In a weekly credit outlook report published Monday, Moody’s analysts William Burn and Andriy Stepanyants said shorter loan amortization periods should immediately cool home sales by requiring increased monthly payments.
“The government’s moves may have come too late, owing to the build-up in consumer debt that has already occurred.” In addition, slowing growth in household disposable income will be a challenge for consumers trying to pay down their debts, they said.
The analysts note that previous mortgage rule changes beginning in 2008 had “some effect” in countering the stimulus provided by historically lower interest rates, yet they “failed to stop Canadian household leverage from increasing.”
“Canadian consumers’ reliance on low interest rates to support high debt loads remains a risk.”
– from ‘Mortgage changes ‘may be too late’: Moody’s’, Financial Post, 25 Jun 2012 [hat-tip pennysaver]

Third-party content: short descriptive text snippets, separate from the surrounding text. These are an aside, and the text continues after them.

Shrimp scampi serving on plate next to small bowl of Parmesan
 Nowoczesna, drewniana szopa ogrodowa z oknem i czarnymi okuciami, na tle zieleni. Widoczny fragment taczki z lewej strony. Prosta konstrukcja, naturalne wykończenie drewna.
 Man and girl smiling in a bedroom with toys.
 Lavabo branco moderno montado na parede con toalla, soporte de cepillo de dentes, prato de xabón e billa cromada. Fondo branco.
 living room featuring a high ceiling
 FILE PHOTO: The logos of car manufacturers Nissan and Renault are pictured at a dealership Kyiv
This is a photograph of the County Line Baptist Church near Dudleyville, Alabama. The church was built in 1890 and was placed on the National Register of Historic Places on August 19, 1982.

‘Is Canada Too Smug About Its Economic Future?’, Bloomberg, 25 Jun 2012
Excerpt: “..there’s increased grumbling these days that not all is well north of the border—and not just because low interest rates and high housing prices have helped push household debt to the point where Canadians now owe an average of $1.52 for every dollar they earn. Economic growth has slowed, with annualized GDP growth up 1.5 percent in the first quarter, when the Bank of Canada had expected a 2.5 percent increase. Some of that is no doubt due to misery in other parts of the world, which has dampened demand and rattled investors. But it’s not the only factor that’s bothering Glen Hodgson, chief economist at the Conference Board of Canada, a prominent Ottawa-based think tank. Hodgson put out a commentary on June 25 entitled “Don’t Be Too Smug, Canada” that points to other challenges he feels are not being adequately addressed.”